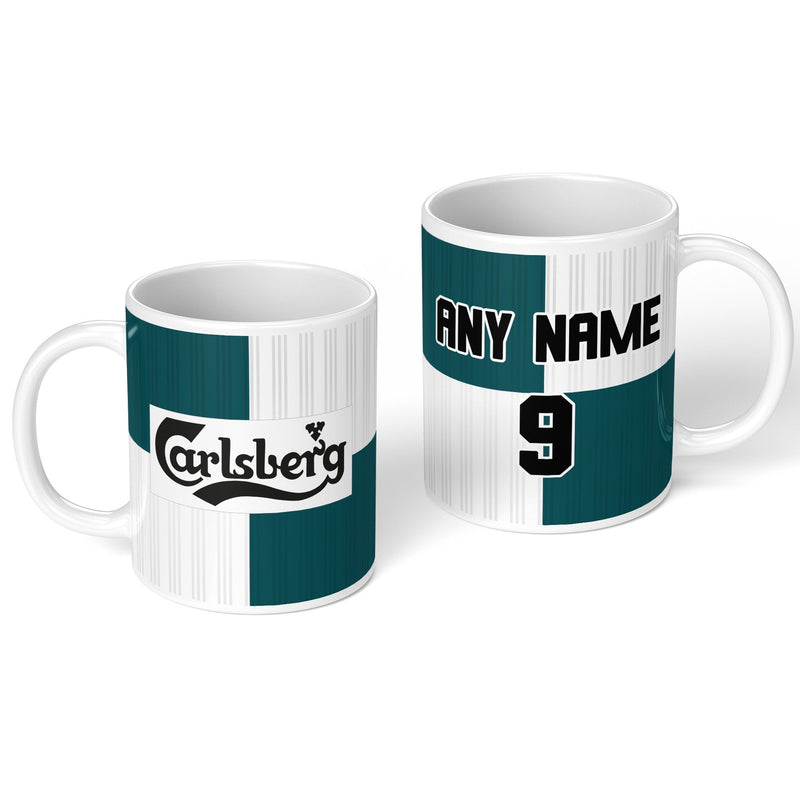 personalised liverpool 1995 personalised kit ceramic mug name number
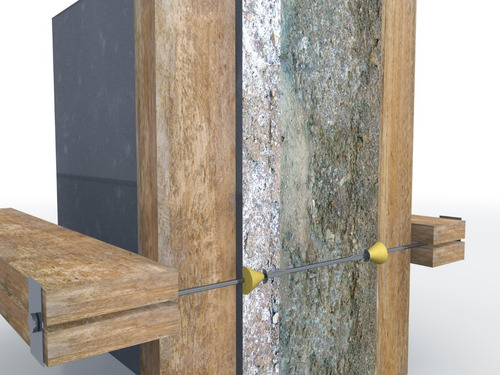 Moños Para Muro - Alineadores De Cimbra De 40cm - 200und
* * *
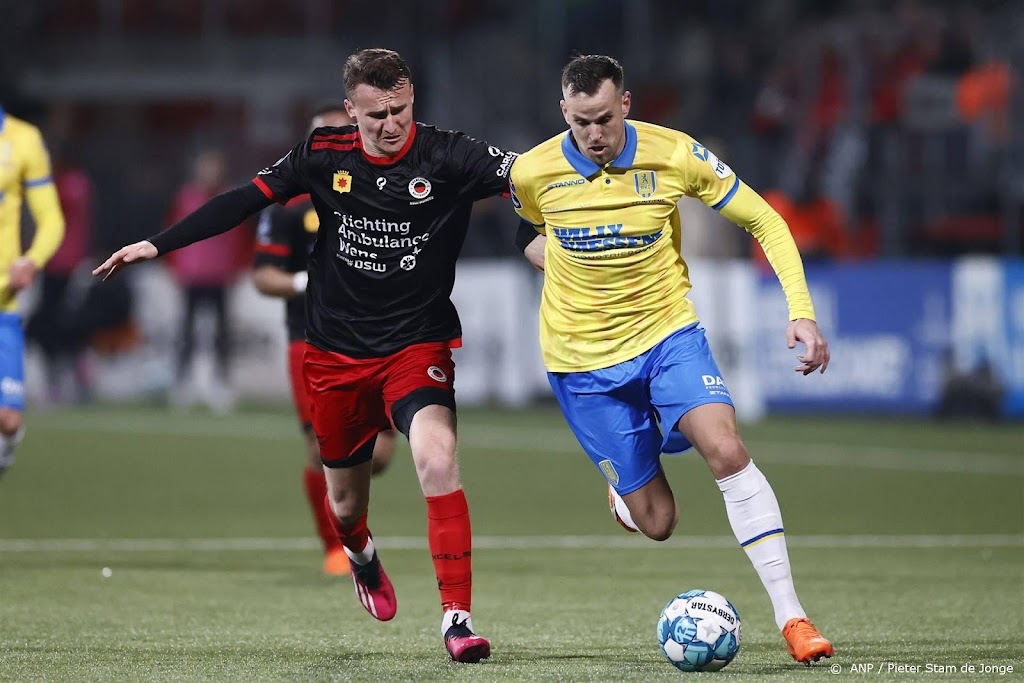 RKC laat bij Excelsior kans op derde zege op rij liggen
---
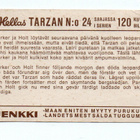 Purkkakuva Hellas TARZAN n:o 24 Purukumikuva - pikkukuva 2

• _PROMPT_: Start with the line with "personalised liverpool 1995" in the listing above and stop after the line with "Moños Para Muro". Write out exactly the lines in that stretch and no others, without pictures.

• _RESPONSE BOX_:
 personalised liverpool 1995 personalised kit ceramic mug name number
 Moños Para Muro - Alineadores De Cimbra De 40cm - 200und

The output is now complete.